To generate more immediate savings, Doody suggested the increased use of CanaRx, a Canadian drug-distribution company, which sells lower cost prescription drugs to both public and private employer-provided health-care programs. 

Locally, the city of Albany as well as Schenectady and Saratoga counties offer current and former municipal employees the option to purchase lower-cost medications through CanaRx. 

In 2004, Schenectady became the first county in the state with a CanaRx program. According to the county, as of 2017, Schenectady’s overall prescription-drug costs were about 10-percent lower than they were in 2001. 

Had Schenectady not enrolled with CanaRx, then, between 2004 and 2015, to cite an example from the county, total prescription costs would have increased from about $4.2 million to about $14.8 million. Actual prescription-drug costs for Schenectady County in 2015 were about $3.3 million.

For comparison, since 2001, Voorheesville’s health-insurance costs have more than quadrupled, from about $1.2 million in 2001-02 to almost $5 million this year. 

Doody said the goal is to make staff more aware of the CanaRx option at the start of the new school year. 

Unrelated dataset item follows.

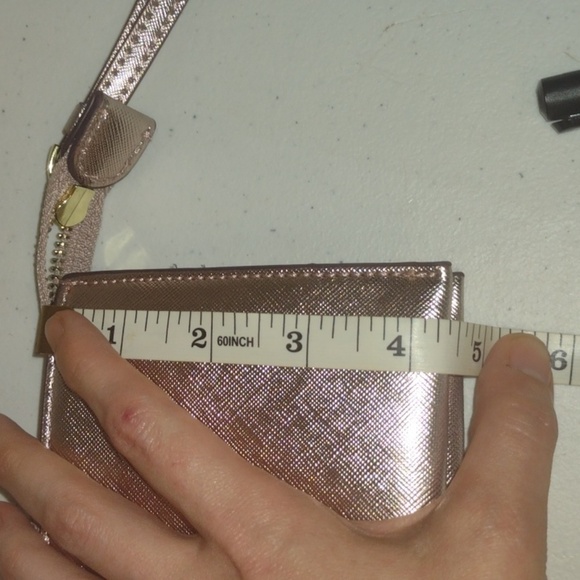 Kate Spade metallic light pink Continental three pocket wallet wristlet clutch - Picture 6 of 16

The second way to generate more immediate savings, Doody said, is to move to a managed formulary prescription-drug plan, which would take 90 days to do and would have to be negotiated with the district’s bargaining units.

The seven members of the administrators’ union recently agreed to a new contract that includes an agreement for the union to enter into a managed formulary plan, which starts Oct. 1.

The district’s current prescription-drug plan has no mechanism for containing costs; whatever the price of the drug, the district has to pay it. Entering into a managed formulary plan would allow the pharmacy-benefit manager to negotiate better prices for the district. 

The managed formulary plan, Rielly told The Enterprise in April, has cost-saving restrictions — like step therapy, prior authorization, and quantity limits — that are not part of the district’s current basic formulary plan.

Step therapy — also called “fail first” — is a process where a patient would start with a less expensive, generic drug, and, if that doesn’t work, would then move up to a more-expensive brand-name drug. Prior authorization is a process where a doctor or other health-care provider has to receive advanced approval from a health plan before a specific procedure or medication can be delivered.